Your task: Below are the records; extract from them the line containing "シンプルで使いやすい玄関です" to the line containing "4 Zimmer Wohnung", both lines included, exactly and with no pictures.

Data records:
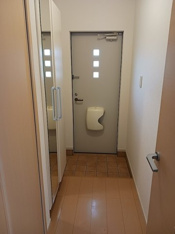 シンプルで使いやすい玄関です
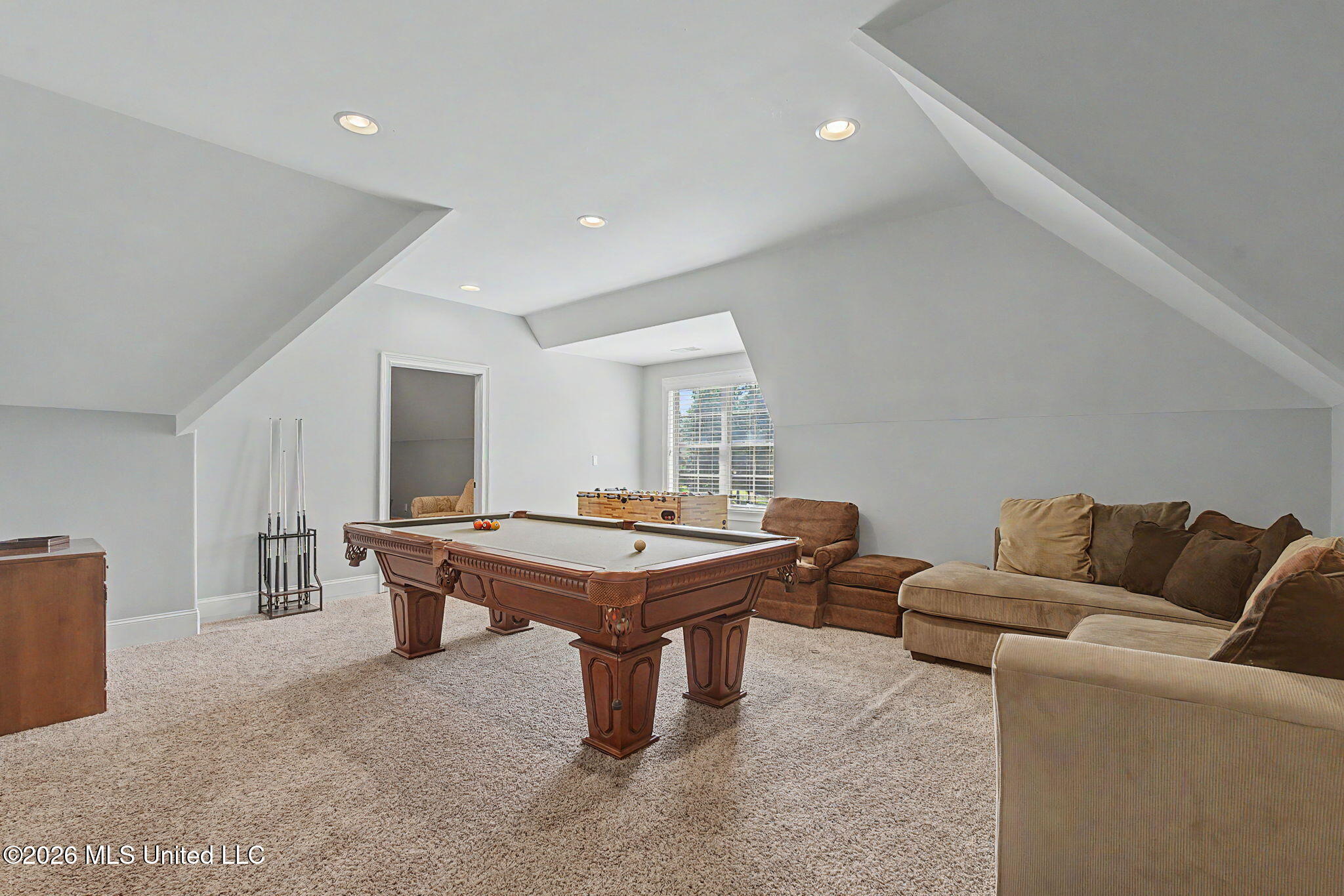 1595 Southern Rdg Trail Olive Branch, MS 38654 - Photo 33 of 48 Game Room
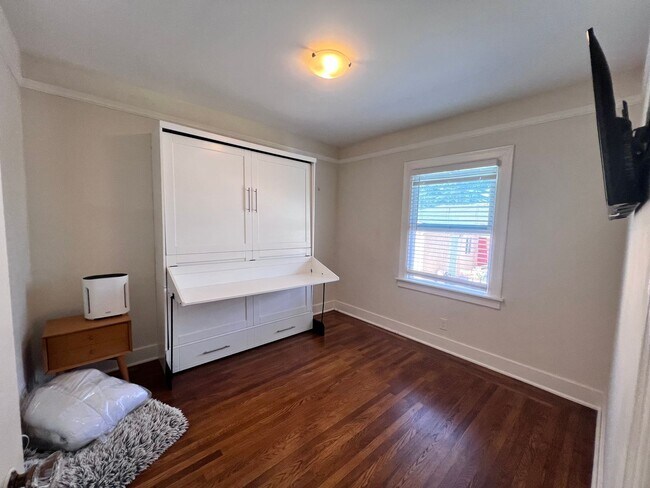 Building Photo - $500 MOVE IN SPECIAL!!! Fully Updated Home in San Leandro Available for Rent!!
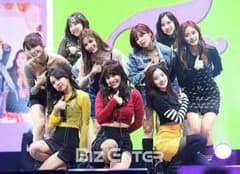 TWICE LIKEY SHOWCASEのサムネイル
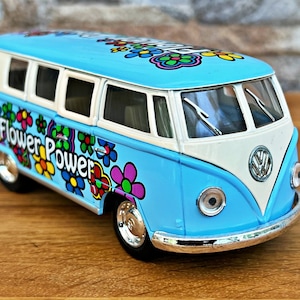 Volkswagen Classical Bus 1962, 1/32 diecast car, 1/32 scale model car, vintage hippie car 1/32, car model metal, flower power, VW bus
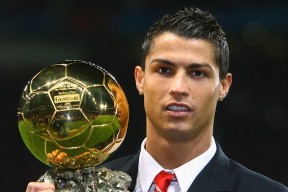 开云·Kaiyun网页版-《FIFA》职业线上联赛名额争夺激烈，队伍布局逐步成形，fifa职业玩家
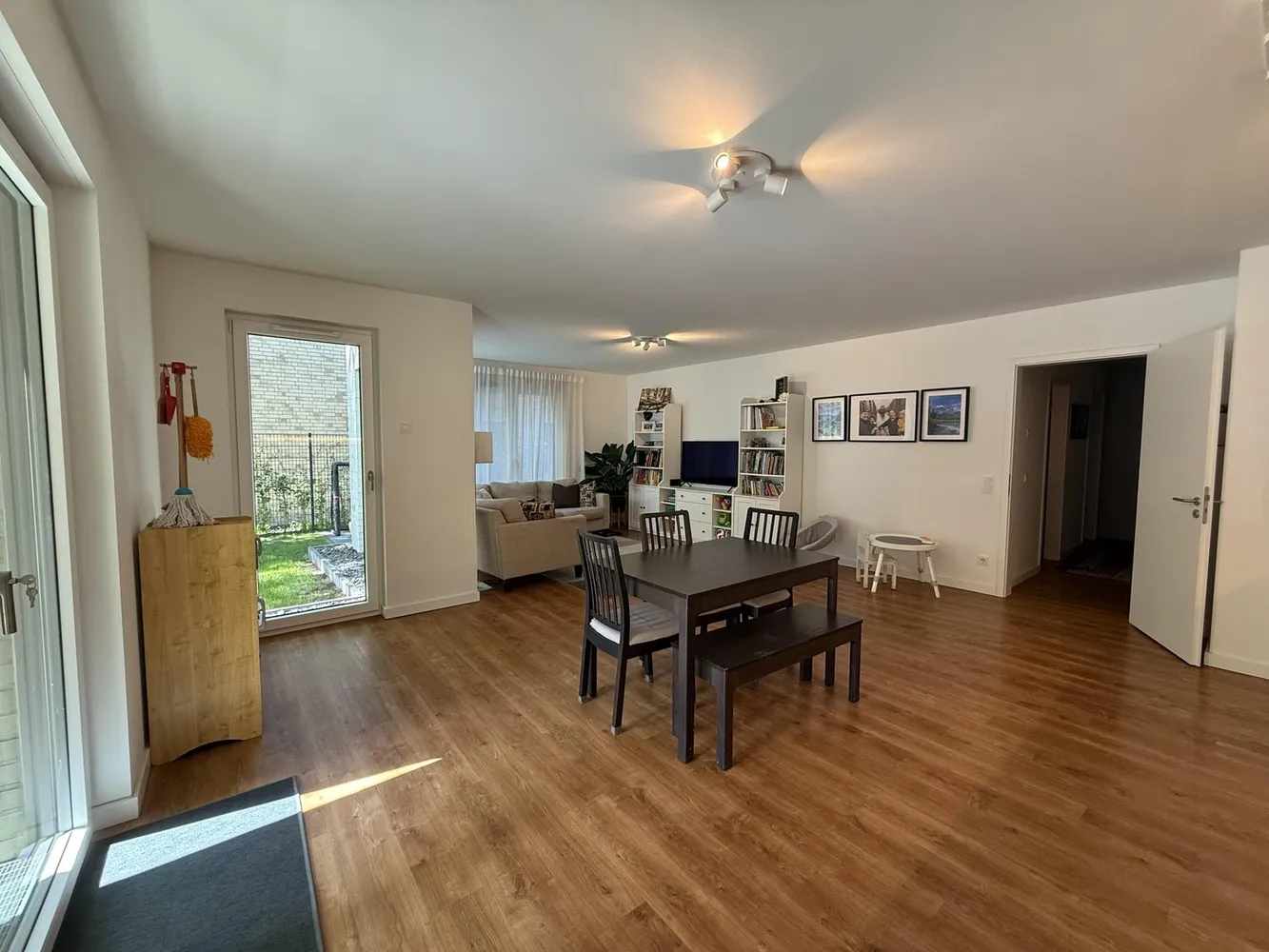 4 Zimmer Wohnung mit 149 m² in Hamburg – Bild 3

==

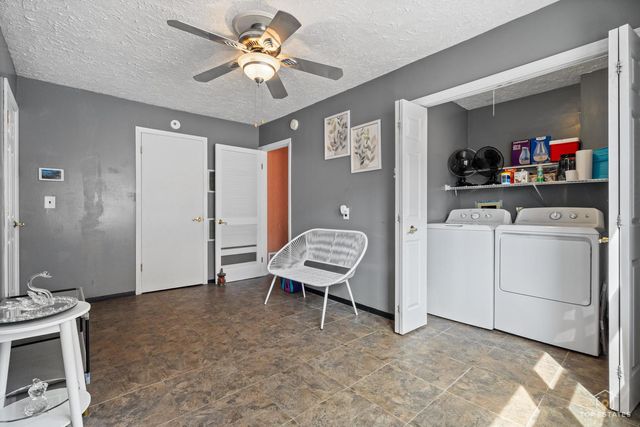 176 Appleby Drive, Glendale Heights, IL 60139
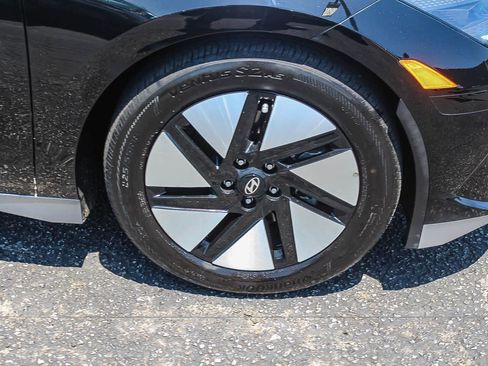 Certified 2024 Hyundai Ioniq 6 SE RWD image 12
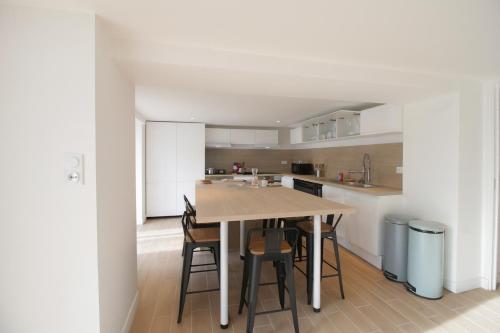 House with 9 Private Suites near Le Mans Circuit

* * *

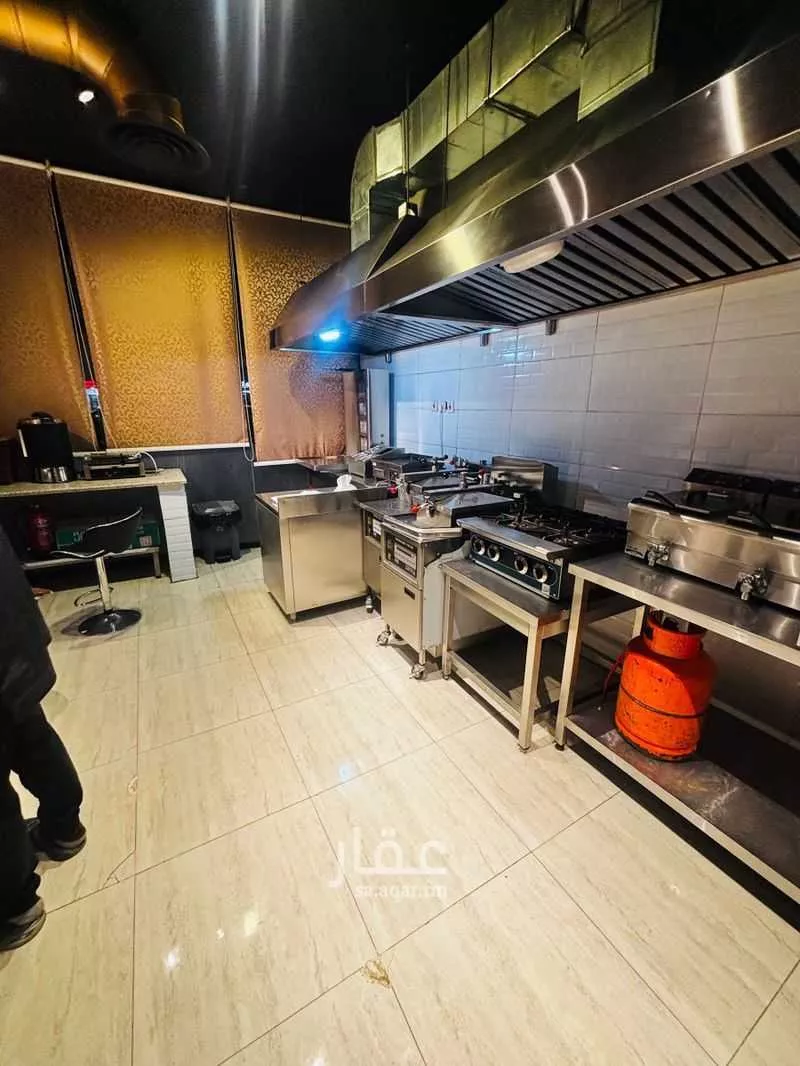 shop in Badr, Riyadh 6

Expected output:
 シンプルで使いやすい玄関です
 1595 Southern Rdg Trail Olive Branch, MS 38654 - Photo 33 of 48 Game Room
 Building Photo - $500 MOVE IN SPECIAL!!! Fully Updated Home in San Leandro Available for Rent!!
 TWICE LIKEY SHOWCASEのサムネイル
 Volkswagen Classical Bus 1962, 1/32 diecast car, 1/32 scale model car, vintage hippie car 1/32, car model metal, flower power, VW bus
 开云·Kaiyun网页版-《FIFA》职业线上联赛名额争夺激烈，队伍布局逐步成形，fifa职业玩家
 4 Zimmer Wohnung mit 149 m² in Hamburg – Bild 3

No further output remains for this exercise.